Uit Wiki Munten en papiergeld

geldsysteem, stelsel van geldsoorten die aan een standaard zijn gekoppeld en waarvan de denominaties (coupures) zich onderling zodanig verhouden dat het betalingsverkeer optimaal wordt bevorderd. De belangrijkste geldsystemen zijn het Karolingische muntstelsel en het decimaal (geld)stelsel. Het Nederlandse geldsysteem was in zijn laatste periode gebaseerd op de Muntwet 1987 volgens het decimaal stelsel (1 gulden = 100 cent) uitgedrukt in een logische reeks van kwarttallen: ƒ50, ƒ 10, ƒ 5, ƒ 2,50, ƒ 1 , ƒ 0,25, ƒ 0,10 en ƒ 0,05. De in deze wet genoemde gouden dukaat, dubbele gouden dukaat en zilveren dukaat hebben niet de status van wettig betaalmiddel.

Zij ontlenen hun waarde aan hun metaalinhoud (intrinsieke waarde), zijn niet voor circulatie bestemd en vallen buiten deze reeks. Met de invoering van het ƒ 50-biljet (1982) en het ƒ 250-biljet (1985) heeft de Nederlandsche Bank haar coupureboeket aan deze reeks aangepast: ƒ1000, ƒ250, ƒ 100, ƒ 50, ƒ 25 en ƒ 10 en ƒ 5.

Het Belgische geldsysteem was in zijn laatste periode gebaseerd op de Wet betreffende het muntstatuut (1972), eveneens volgens het decimaal stelsel (1 frank = 100 centime) en omvat een reeks munten van 500, 250, 50, 20, 10, 5, 1 en ½ frank, terwijl de Nationale Bank van België coupures van 5000, 1000, 500 en 100 frank in omloop bracht.

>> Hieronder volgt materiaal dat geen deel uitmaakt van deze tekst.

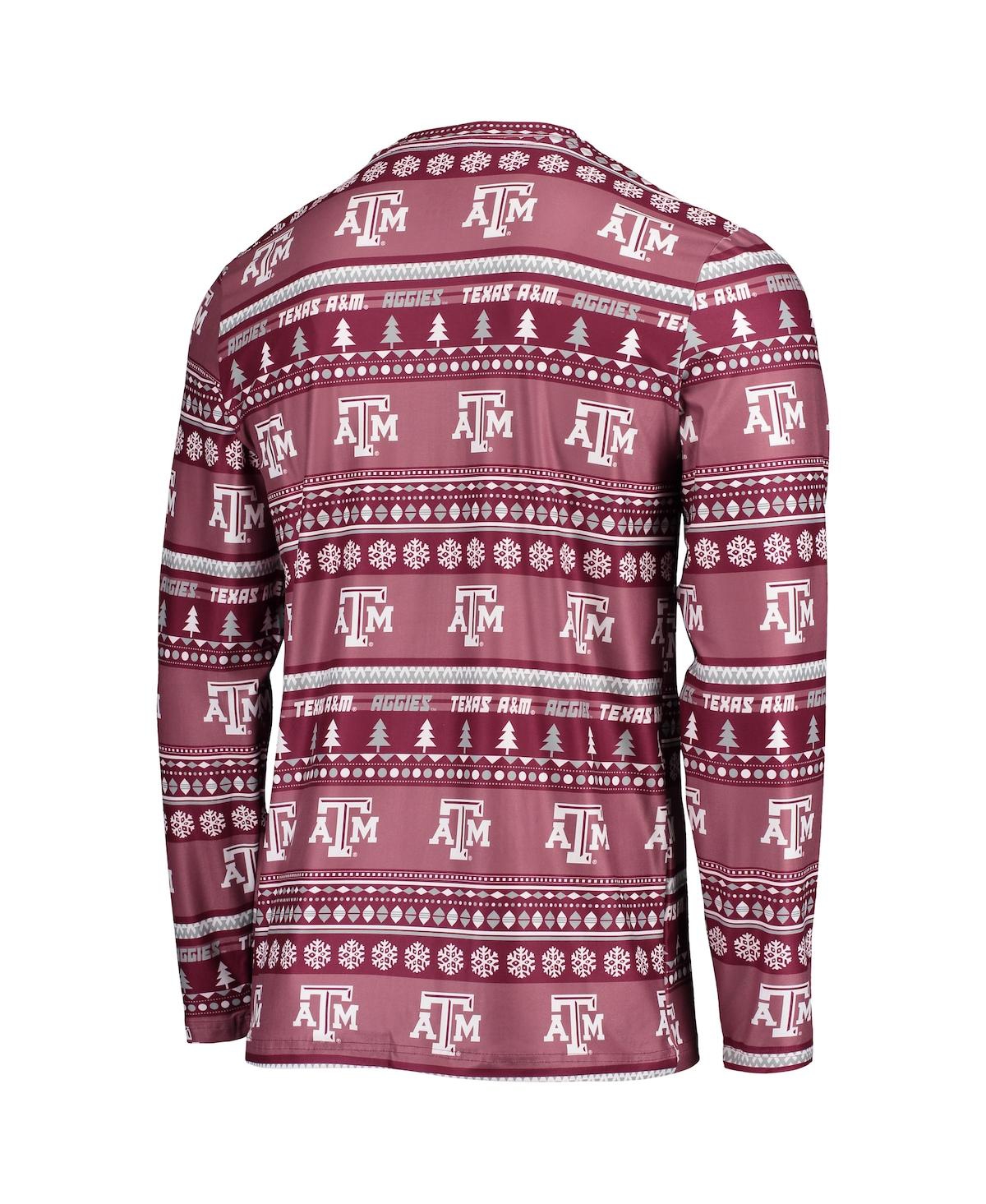 Shop Concepts Sport Men's Maroon Texas A&m Aggies Ugly Sweater Long Sleeve T-shirt And Pants Sleep Set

Het eurostelsel, ingevoerd in 2002, bestaat uit biljetten van 500, 200, 100, 50, 20, 10 en 5 euro en munten van 2 en 1 euro en van 50, 20, 10, 5, 2 en 1 cent (de 2 en 1 cent worden in Nederland zo goed als niet gebruikt). Het eurostelsel is dus typisch een 1 – 2 – 5 –stelsel.